Coherent Oscillations in Hemoglobin and Myoglobin Ligand Complexes and their Dynamical Connection to Global Protein Motion and Gas Discrimination

THz spectroscopy and Molecular Dynamics (MD) simulations are used to investigate the coherent oscillations in the heme group of two heme proteins (hemoglobin and myoglobin) and the affect of the heme dynamics on the collective fluctuations taking place in the proteins. Preliminary experiments have confirmed that the deoxy state (no gas in the active site) of both proteins do not possess a 40 cm$^{-1}$ mode in their THz spectra. The 40 cm$^{-1 }$mode has been observed in both experimental and theoretical investigations of myoglobin dynamics. The low-frequency mode at 40 cm$^{-1}$ has been hypothesized to be connected with energy transport between the active site and the protein-solvent interface. Once a gas is introduced into the ligand, both proteins contain the 40 cm$^{-1}$ mode in their experimental spectra. But both the shape and intensity of the myoglobin peak differs from that of hemoglobin.
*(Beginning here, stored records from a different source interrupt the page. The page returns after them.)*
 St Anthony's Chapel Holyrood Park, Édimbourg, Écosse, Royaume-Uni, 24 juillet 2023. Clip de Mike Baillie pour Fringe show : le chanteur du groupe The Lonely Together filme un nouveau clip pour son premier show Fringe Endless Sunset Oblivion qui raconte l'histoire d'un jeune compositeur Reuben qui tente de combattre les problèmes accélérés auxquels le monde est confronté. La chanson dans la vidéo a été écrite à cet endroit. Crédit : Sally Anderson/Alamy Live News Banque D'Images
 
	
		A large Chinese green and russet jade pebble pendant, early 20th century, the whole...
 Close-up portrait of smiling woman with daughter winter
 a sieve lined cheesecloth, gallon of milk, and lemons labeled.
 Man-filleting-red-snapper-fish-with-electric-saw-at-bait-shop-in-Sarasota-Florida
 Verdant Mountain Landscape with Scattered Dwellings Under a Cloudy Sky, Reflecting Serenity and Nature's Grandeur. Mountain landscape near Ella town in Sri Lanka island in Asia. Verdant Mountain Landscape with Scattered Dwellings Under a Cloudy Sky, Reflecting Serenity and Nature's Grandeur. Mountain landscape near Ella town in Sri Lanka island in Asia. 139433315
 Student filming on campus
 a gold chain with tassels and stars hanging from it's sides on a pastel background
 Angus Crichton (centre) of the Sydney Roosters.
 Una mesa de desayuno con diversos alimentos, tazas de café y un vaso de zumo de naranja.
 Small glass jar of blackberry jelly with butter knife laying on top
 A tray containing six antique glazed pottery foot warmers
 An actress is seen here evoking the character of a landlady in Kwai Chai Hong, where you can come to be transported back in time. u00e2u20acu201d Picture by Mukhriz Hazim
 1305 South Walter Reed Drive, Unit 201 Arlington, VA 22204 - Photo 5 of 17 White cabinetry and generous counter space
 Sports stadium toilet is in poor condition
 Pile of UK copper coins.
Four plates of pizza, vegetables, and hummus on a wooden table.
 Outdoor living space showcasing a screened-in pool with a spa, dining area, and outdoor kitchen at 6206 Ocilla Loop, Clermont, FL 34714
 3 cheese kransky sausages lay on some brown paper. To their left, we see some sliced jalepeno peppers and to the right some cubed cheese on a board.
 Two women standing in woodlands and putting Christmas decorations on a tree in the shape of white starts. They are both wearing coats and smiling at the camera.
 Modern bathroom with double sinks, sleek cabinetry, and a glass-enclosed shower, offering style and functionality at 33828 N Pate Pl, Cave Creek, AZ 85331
Additionally, we observe a number of collective protein fluctuations ($\le $ 100 cm$^{-1})$ that are altered in the myoglobin spectrum but remain unchanged in the hemoglobin spectrum when a gas is introduced into the protein active site. We will present experimental data of both proteins that have been exposed to a number of different gases. The reaction of the protein collective motions in the gas is linked with the difference in the coupling of the coherent oscillations of the heme group with the protein global modes but also with the mechanism of protein relaxation that controls ligand migration.